Curb Rising Disaster and Emergency Spending

2 thoughts on “Curb Rising Disaster and Emergency Spending

  • John Merrifield
    December 26, 2018 at 5:03 PM
    Permalink

    There was no mention of super-majority requirements to approve alleged emergency spending. Would that help, or are such bills rarely opposed? Is there any evidence of log-rolling for alleged emergency spending; vote for mine to get my support for yours?

    How about use of a predatory bureaucracy (see one of the other forums); earns its budget by opposing some alleged emergency spending?

    Reply
  • Avatar
    January 6, 2019 at 4:52 PM
    Permalink

    This is a really important chapter. What happens when the safety valve is abused?

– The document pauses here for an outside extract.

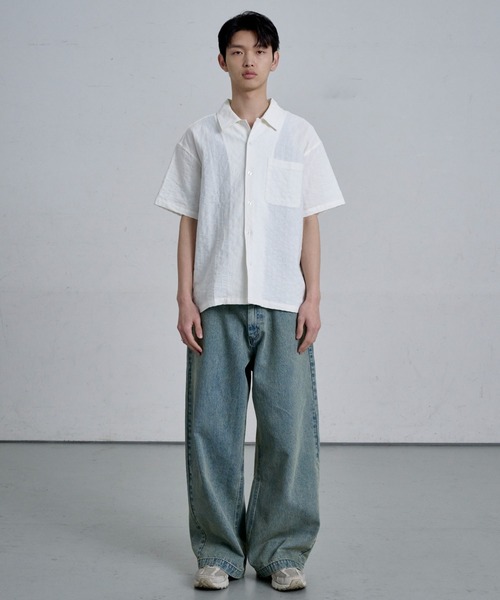 THE CLE（ザクレ）の「CORE STRAIGHT DENIM / コアストレートデニム（デニムパンツ・メンズ・ホワイト/ブラック/ブルー・SMALL/MEDIUM/LARGE）」の10枚目の写真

    The Balanced Budget and Emergency Deficit Control Act of 1985 defines “emergency” in section 250 (2 U.S.C. 900(c)(20)/(21):

    (20) The term “emergency” means a situation that-
    (A) requires new budget authority and outlays (or new budget authority and the outlays flowing therefrom) for the prevention or mitigation of, or response to, loss of life or property, or a threat to national security; and
    (B) is unanticipated.
    (21) The term “unanticipated” means that the underlying situation is-
    (A) sudden, which means quickly coming into being or not building up over time;
    (B) urgent, which means a pressing and compelling need requiring immediate action;
    (C) unforeseen, which means not predicted or anticipated as an emerging need; and
    (D) temporary, which means not of a permanent duration.

    Even if each house of Congress established points of orders on this basis, however, a simple majority of the House can waive them in the special rule for the consideration of the measure, and 60 members of the Senate likely would waive them even if a senator raised the point of order.

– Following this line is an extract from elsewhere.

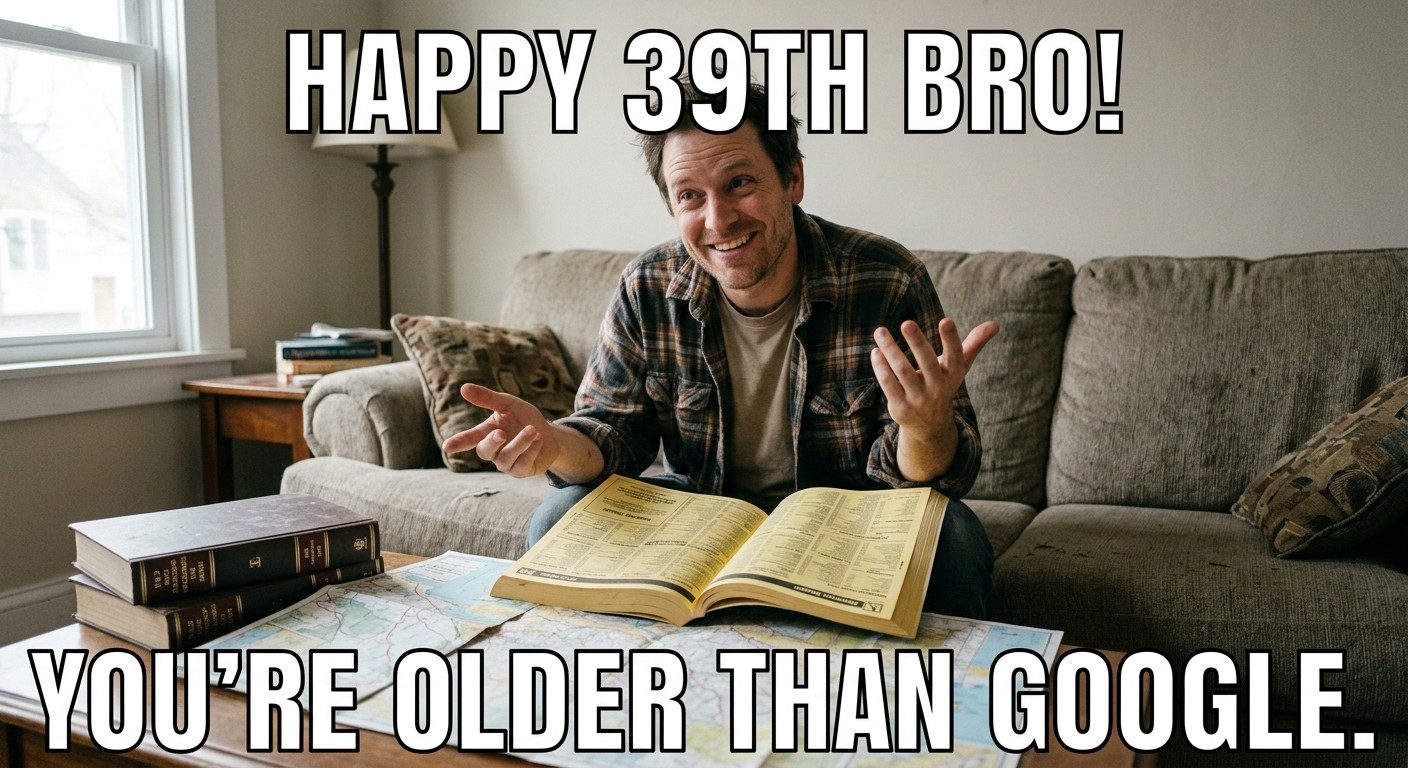 Older Than Google Roast Meme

    The Impoundment Control Act of 1974 (2 U.S.C. Ch. 17B) establishes the process for rescinding unneeded funds. Absent Congress approving a rescission, the president is required to spend. Should this be modified? How so? Is OCO and other non-base spending different from base requirements?

    Perhaps a way to reduce State’s over-reliance on federal taxpayer is to establish a state-GDP-based deductible and then a state co-insurance rate that declines with the cost of the emergency.